[Collected data]
-- -- --

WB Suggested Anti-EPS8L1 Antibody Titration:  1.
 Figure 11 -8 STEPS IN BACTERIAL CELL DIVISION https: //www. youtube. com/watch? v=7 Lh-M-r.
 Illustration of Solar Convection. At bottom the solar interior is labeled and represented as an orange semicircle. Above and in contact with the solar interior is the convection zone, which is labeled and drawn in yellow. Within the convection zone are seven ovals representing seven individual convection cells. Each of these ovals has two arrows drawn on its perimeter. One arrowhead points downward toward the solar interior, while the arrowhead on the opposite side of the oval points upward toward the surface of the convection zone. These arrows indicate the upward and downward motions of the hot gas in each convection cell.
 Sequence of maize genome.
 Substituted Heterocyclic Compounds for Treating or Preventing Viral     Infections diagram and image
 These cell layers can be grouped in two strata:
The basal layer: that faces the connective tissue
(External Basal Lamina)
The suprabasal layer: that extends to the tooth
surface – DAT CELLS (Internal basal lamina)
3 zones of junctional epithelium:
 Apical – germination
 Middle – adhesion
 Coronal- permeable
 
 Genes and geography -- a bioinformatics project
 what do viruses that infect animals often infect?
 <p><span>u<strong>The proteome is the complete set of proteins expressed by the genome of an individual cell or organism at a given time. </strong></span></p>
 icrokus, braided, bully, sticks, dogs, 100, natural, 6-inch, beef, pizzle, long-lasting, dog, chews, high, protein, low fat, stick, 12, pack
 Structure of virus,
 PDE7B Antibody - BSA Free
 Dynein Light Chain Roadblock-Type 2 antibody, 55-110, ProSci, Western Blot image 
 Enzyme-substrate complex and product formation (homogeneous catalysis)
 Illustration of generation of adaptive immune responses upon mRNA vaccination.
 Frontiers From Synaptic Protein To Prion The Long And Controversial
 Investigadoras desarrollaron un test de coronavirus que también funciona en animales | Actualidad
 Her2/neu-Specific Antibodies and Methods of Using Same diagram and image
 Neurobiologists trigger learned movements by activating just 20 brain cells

-- -- --

From the records above, transcribe exactly the run of lines that opens with the line holding "(External Basal Lamina)" and closes with the line holding "<p><span>u<strong>The proteome is", both included.

(External Basal Lamina)
The suprabasal layer: that extends to the tooth
surface – DAT CELLS (Internal basal lamina)
3 zones of junctional epithelium:
 Apical – germination
 Middle – adhesion
 Coronal- permeable
 
 Genes and geography -- a bioinformatics project
 what do viruses that infect animals often infect?
 <p><span>u<strong>The proteome is the complete set of proteins expressed by the genome of an individual cell or organism at a given time. </strong></span></p>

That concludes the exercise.